Scenario: My model comprises of 3 latent exogenous variables and 3 latent endogenous variables. Each latent variable has been checked individually with its observed variables to make sure that the model fits the data, and also collectively for both exogenous and endogenous variables (adding covariances based on Modification Index until satisfactory model fit). Then I set up the ending model with 9 regression coefficients running between the 3 exogenous and 3 endogenous variables. Most of these coefficients come back non-significant. I then tried to add all covariance paths suggested by my Modification Index which made more of the regression paths significant.

Question: Is it ok to just add more covariance paths between error terms on both sides of the model (exogenous and endogenous) until the regression paths (which are the only ones I am interested in) in the middle become significant? My take is, that it will remove the generalizability of the model, but improve the fit to the data and by that the validity of the estimates and p-values. Is that correct or is it more correct to stick with a model with less covariance terms between the error terms and thereby less significant regression paths?

The answer is "it depends." Specifically, it depends on your theory.

Your first model included only the regression of the three endogenous variables on the three exogenous variables. This theory had the following implications for your data: (1) the correlation/covariance between any pair of exogenous variables is zero, (2) all covariances between endogenous latent variables are due to the exogenous variables, and as a consequence of the first two, (3) there are no indirect relationships between any exogenous-endogenous pair. When you add in the additional covariances, you change these implications and thus change the theory you're imposing on your data.

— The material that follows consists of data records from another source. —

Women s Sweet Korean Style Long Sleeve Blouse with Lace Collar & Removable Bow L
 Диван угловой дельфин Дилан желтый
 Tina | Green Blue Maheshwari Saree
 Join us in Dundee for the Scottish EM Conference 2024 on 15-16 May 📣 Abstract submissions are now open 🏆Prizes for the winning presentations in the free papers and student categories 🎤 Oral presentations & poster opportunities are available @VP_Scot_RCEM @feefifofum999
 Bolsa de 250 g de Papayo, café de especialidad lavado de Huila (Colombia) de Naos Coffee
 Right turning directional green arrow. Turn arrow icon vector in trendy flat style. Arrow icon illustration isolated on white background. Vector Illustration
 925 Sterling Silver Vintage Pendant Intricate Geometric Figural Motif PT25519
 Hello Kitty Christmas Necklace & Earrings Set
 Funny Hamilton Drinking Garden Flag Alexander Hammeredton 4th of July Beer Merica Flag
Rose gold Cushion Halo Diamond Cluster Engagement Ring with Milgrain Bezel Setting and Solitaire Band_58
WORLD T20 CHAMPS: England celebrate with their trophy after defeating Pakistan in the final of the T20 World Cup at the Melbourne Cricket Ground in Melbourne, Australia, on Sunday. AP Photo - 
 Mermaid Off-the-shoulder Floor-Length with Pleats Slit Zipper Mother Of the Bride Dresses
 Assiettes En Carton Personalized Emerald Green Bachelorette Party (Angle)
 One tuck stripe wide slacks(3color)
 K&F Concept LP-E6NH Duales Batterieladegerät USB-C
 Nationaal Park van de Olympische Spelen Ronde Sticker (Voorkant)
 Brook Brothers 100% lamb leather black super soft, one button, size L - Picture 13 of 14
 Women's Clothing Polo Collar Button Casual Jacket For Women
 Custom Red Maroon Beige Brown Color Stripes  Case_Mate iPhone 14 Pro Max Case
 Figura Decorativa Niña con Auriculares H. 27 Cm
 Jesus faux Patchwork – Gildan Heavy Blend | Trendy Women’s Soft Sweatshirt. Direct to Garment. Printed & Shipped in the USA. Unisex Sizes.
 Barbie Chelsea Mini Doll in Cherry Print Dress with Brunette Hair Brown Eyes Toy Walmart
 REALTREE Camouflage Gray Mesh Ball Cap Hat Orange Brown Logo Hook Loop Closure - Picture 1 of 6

It is totally reasonable to add in covariances in some way to your model. Unless you have a strong reason to believe that the exogenous variables should be completely orthogonal, I'd likely have started with a model that included those. However, the modification index is a decidedly exploratory technique, much like stepwise model selection. I would be very concerned about generalizability of a model built using a modification index. Simply comparing your listed model to two comparison models, one with exogenous covariances and one with exogenous and endogenous covariances, is a far more rigorous technique.

I'll further caution you about the use of standard errors in structural modeling. As you've discovered, the standard errors in your models vary depending on what other parameters are in the model. Parameters in structural equation models are heavily interdependent, and setting one to zero will cause the other parameters in a model to "move" or "stress" to best explain the covariance structure of the data. The regression between exogenous factor A and endogenous factor X doesn't just explain the covariance between A and X: the product of the A-X regression, the variance of A and the A-Y regression (like lambda1 * varX * lambda 2 in my previous post) helps explain the covariance between endogenous factors X and Y. You can get a better (and not necessarily symmetric) estimate of precision using mxCI for parameters of interest, but if you want "significant-not significant" decisions, try to make use of likelihood ratio tests rather than standard errors.